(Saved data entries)

········

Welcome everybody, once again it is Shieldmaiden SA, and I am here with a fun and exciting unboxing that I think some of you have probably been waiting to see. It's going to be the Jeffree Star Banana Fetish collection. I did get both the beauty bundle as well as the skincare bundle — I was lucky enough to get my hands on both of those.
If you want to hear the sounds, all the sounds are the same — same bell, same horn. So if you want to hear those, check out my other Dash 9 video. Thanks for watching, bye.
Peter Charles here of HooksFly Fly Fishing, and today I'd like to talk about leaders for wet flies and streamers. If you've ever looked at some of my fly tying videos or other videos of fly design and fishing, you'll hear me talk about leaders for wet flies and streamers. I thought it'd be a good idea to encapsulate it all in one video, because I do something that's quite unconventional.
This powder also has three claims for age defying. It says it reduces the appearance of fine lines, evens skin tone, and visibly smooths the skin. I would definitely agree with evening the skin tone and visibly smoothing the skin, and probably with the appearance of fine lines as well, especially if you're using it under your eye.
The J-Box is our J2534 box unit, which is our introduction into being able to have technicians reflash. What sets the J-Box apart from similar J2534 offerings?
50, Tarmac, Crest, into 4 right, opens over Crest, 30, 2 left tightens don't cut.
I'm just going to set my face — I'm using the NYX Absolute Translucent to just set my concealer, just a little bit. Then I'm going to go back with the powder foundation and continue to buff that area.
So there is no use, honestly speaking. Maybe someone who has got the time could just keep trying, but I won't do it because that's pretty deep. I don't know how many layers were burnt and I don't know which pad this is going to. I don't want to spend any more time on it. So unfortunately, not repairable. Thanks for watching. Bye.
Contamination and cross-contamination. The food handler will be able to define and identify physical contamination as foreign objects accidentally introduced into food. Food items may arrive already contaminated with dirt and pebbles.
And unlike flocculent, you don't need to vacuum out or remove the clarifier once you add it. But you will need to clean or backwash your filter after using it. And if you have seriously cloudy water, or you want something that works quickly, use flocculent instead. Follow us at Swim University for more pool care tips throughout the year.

········

ABOUT THIS EXERCISE:
"Thanks" is the string to look for; please copy every line of the records above where it appears.

SOLUTION FOR THIS PROBLEM:
If you want to hear the sounds, all the sounds are the same — same bell, same horn. So if you want to hear those, check out my other Dash 9 video. Thanks for watching, bye.
So there is no use, honestly speaking. Maybe someone who has got the time could just keep trying, but I won't do it because that's pretty deep. I don't know how many layers were burnt and I don't know which pad this is going to. I don't want to spend any more time on it. So unfortunately, not repairable. Thanks for watching. Bye.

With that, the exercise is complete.